🤖 AI Summary
To address the degradation of robustness and accuracy in semantic mapping caused by multi-source uncertainties in complex outdoor environments, this paper proposes an uncertainty-aware semantic mapping method. The core innovation lies in a novel evidential ellipsoidal Bayesian kernel inference framework that unifies modeling of observation noise, semantic ambiguity, and geometric misalignment. By integrating evidential deep learning with a geometric alignment kernel function, the method generates Gaussian-distributed semantic primitives from sparse sensor data. Evaluated on unstructured outdoor scenes, the approach significantly improves map quality, uncertainty calibration, and real-time performance (average inference latency < 80 ms). Compared to state-of-the-art methods, it reduces localization error by 32% and enhances semantic confidence calibration—evidenced by a 41% reduction in Expected Calibration Error (ECE).
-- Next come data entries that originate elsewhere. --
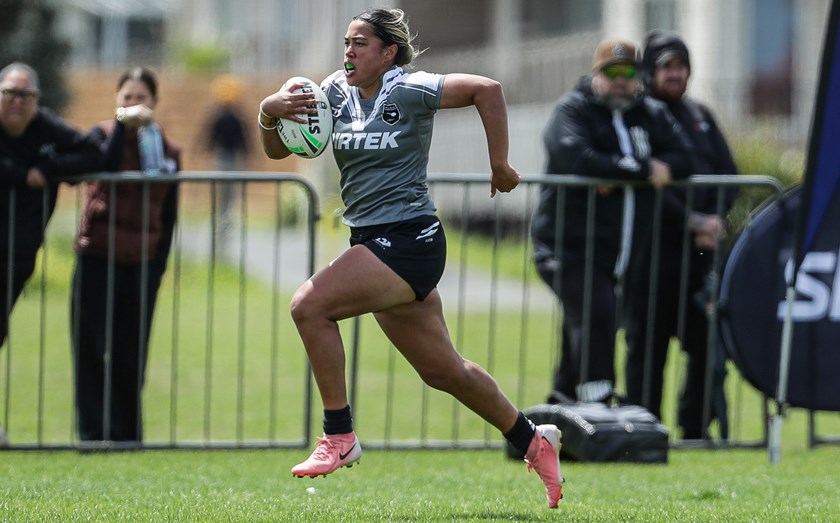 Trio confirmed on NRLW development contracts
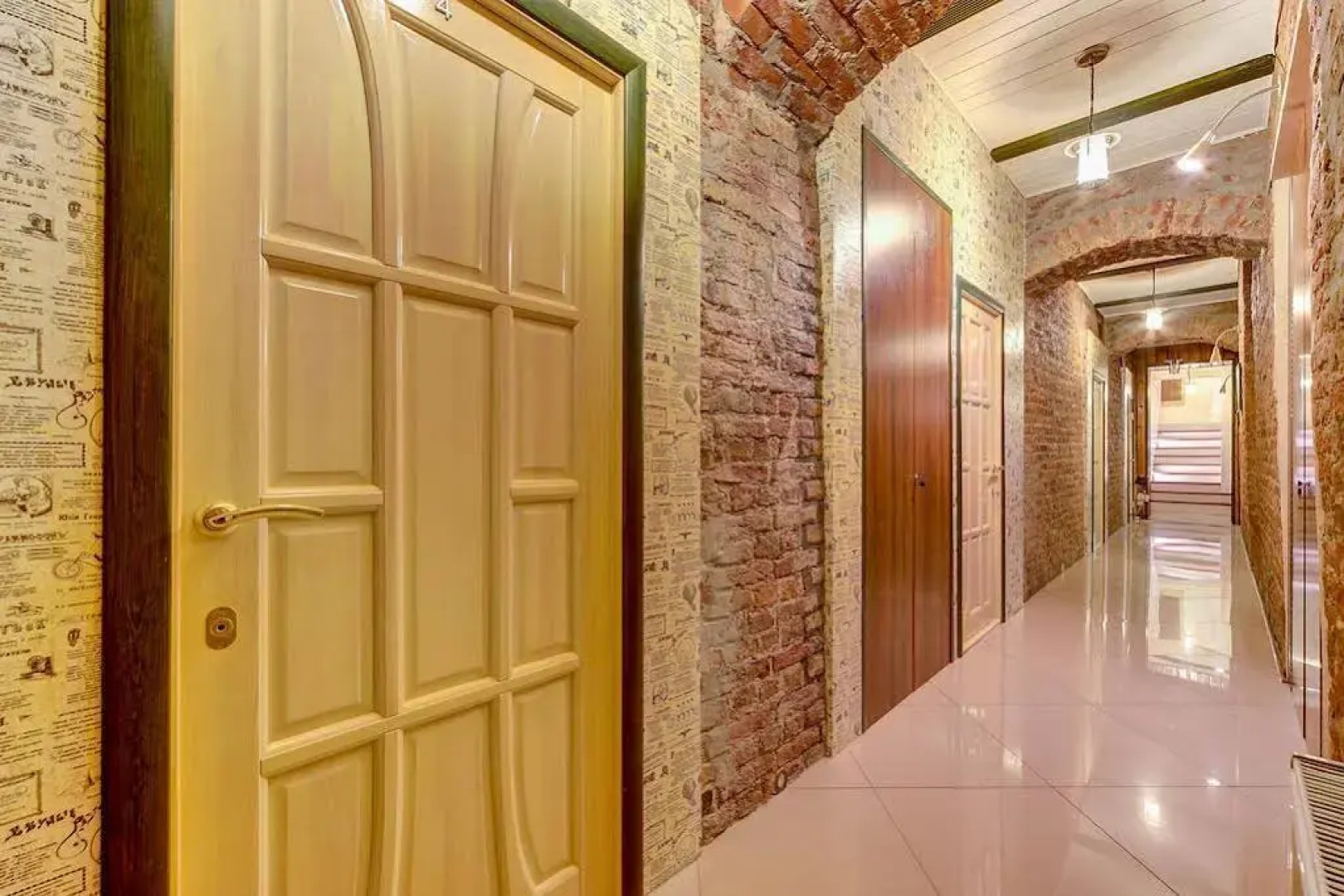 Avrora apartments Malaya Morskaya 16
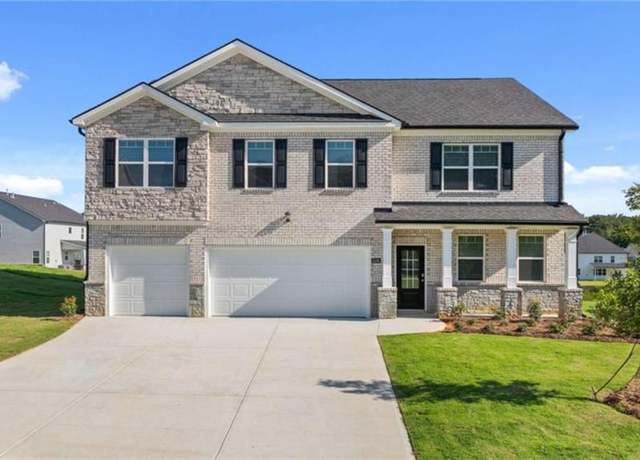 Property at 301 Sandy Oak Dr, Loganville, GA 30052, 5 beds, 4.5 baths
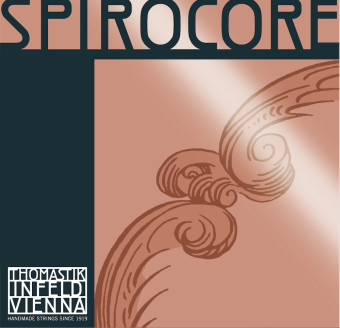Spirocore Double Bass E (Orch) or F# (Solo)
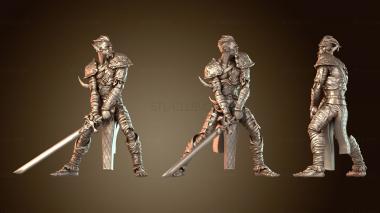 3D модель Гит Корсар Рейдер (STL)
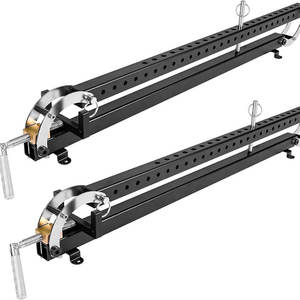 Mini Abrazaderas <span class=keywords><strong>de</strong></span> Panel <span class=keywords><strong>de</strong></span> Acero Electrochapado <span class=keywords><strong>de</strong></span> Lujo (Paquete <span class=keywords><strong>de</strong></span> 2) - Potentes Abrazaderas <span class=keywords><strong>de</strong></span> Presión <span class=keywords><strong>de</strong></span> Cuatro Vías con Patrón <span class=keywords><strong>de</strong></span> Sierra, Abrazadera <span class=keywords><strong>de</strong></span> Pulgadas - Product Image 5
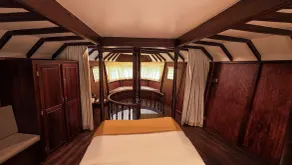 Thapovan waterscapes - Room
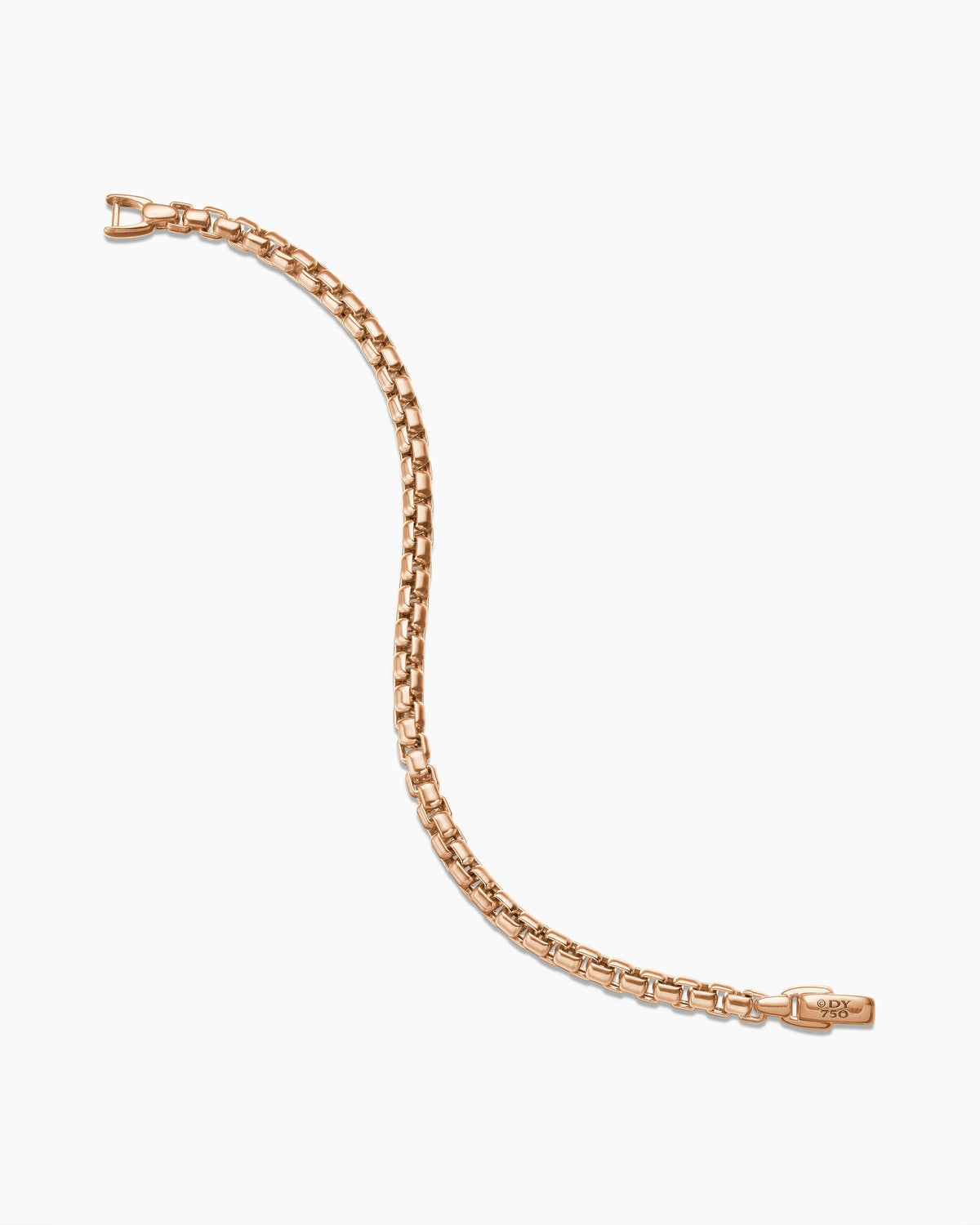 David Yurman Box Chain Bracelet David Yurman Men’s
This work provides a trustworthy semantic mapping foundation for autonomous driving and robotic navigation.
📝 Abstract
Semantic mapping aims to construct a 3D semantic representation of the environment, providing essential knowledge for robots operating in complex outdoor settings. While Bayesian Kernel Inference (BKI) addresses discontinuities of map inference from sparse sensor data, existing semantic mapping methods suffer from various sources of uncertainties in challenging outdoor environments. To address these issues, we propose an uncertainty-aware semantic mapping framework that handles multiple sources of uncertainties, which significantly degrade mapping performance. Our method estimates uncertainties in semantic predictions using Evidential Deep Learning and incorporates them into BKI for robust semantic inference. It further aggregates noisy observations into coherent Gaussian representations to mitigate the impact of unreliable points, while employing geometry-aligned kernels that adapt to complex scene structures. These Gaussian primitives effectively fuse local geometric and semantic information, enabling robust, uncertainty-aware mapping in complex outdoor scenarios. Comprehensive evaluation across diverse off-road and urban outdoor environments demonstrates consistent improvements in mapping quality, uncertainty calibration, representational flexibility, and robustness, while maintaining real-time efficiency.